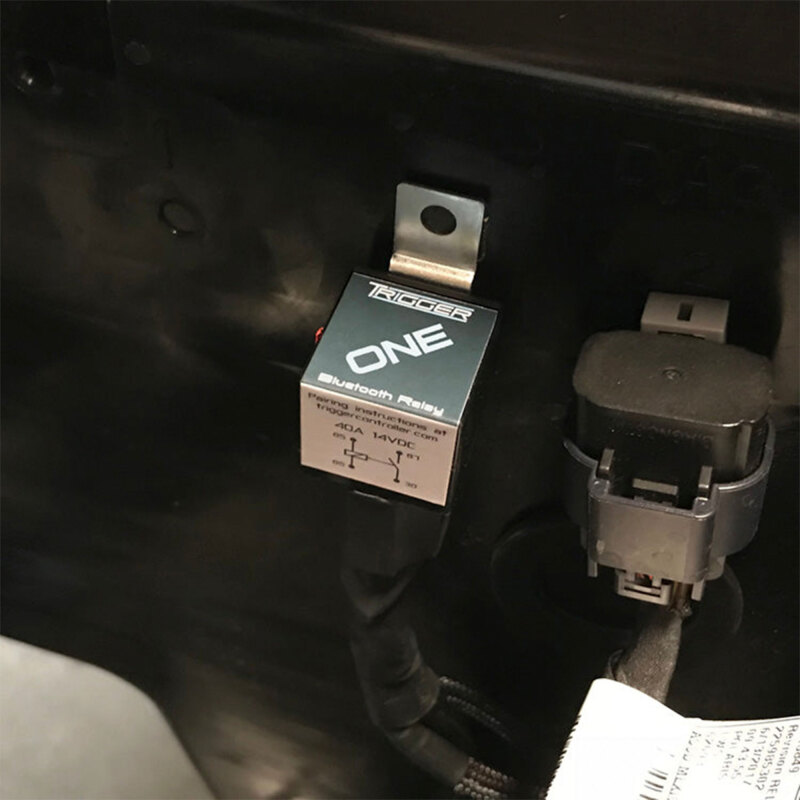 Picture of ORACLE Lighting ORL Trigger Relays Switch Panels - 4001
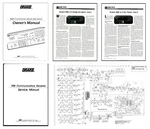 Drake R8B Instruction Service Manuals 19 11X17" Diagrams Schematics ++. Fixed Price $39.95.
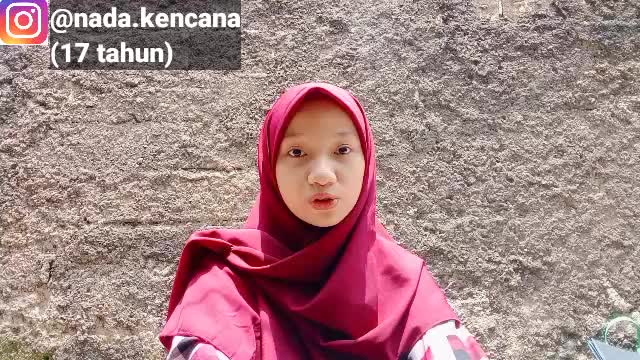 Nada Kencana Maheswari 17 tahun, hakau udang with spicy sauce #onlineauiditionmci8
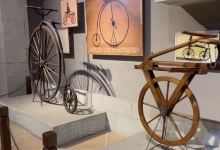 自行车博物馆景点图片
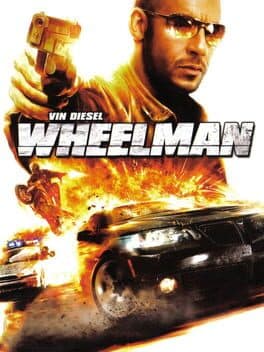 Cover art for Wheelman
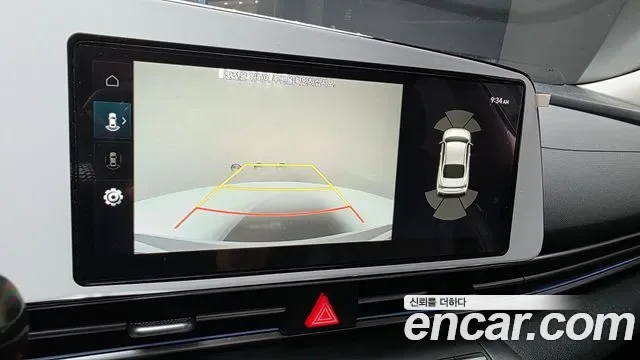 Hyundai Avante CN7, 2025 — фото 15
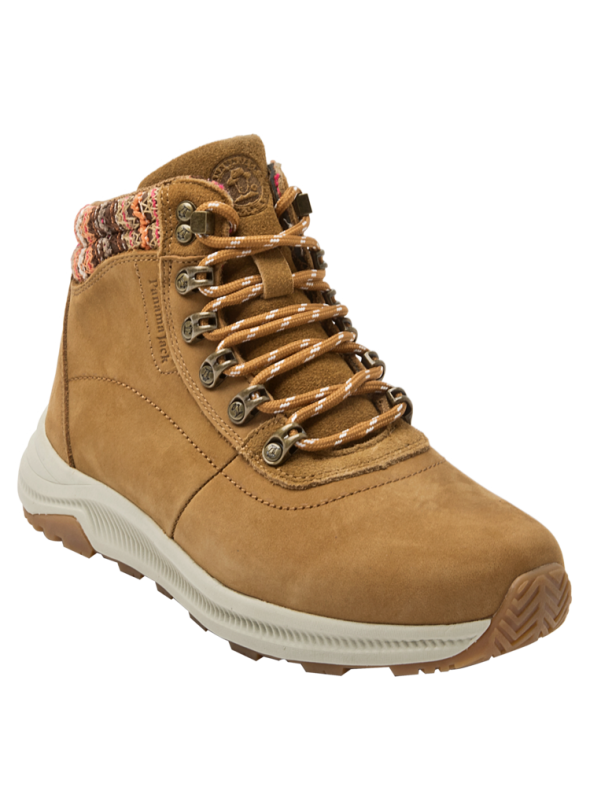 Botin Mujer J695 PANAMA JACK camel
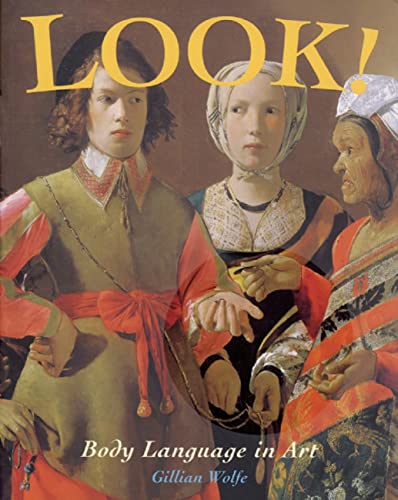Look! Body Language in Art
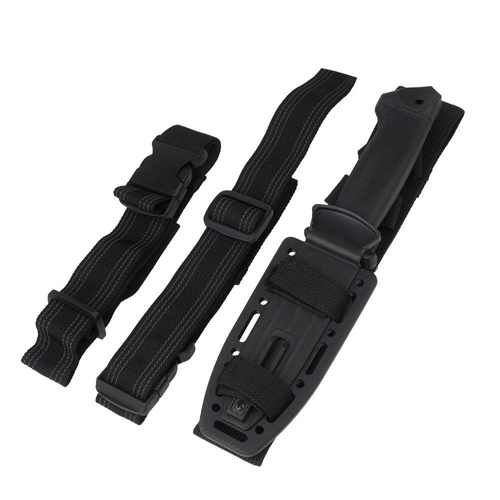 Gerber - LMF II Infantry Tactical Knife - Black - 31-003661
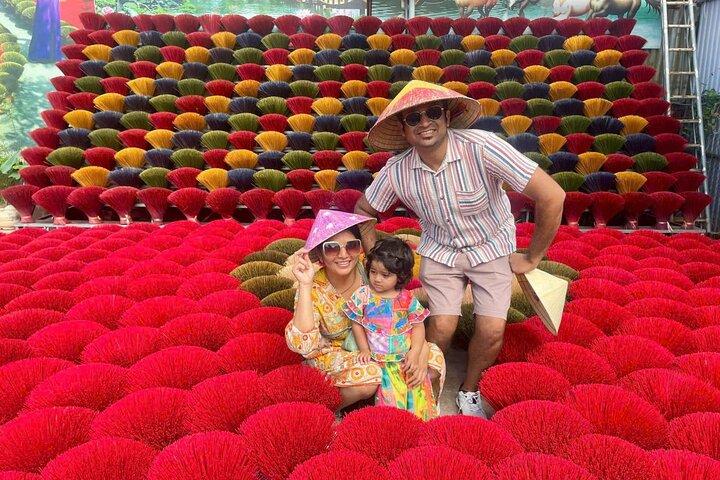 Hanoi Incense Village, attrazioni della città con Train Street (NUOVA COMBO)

------------------------------------------------------------

**TASK TO COMPLETE**. The pictures are not part of the copy. Retype everything else in the entries exactly.

**OUTPUT OF THE EXERCISE**.
 Picture of ORACLE Lighting ORL Trigger Relays Switch Panels - 4001
 Drake R8B Instruction Service Manuals 19 11X17" Diagrams Schematics ++. Fixed Price $39.95.
 Nada Kencana Maheswari 17 tahun, hakau udang with spicy sauce #onlineauiditionmci8
 自行车博物馆景点图片
 Cover art for Wheelman
 Hyundai Avante CN7, 2025 — фото 15
 Botin Mujer J695 PANAMA JACK camel
Look! Body Language in Art
 Gerber - LMF II Infantry Tactical Knife - Black - 31-003661
 Hanoi Incense Village, attrazioni della città con Train Street (NUOVA COMBO)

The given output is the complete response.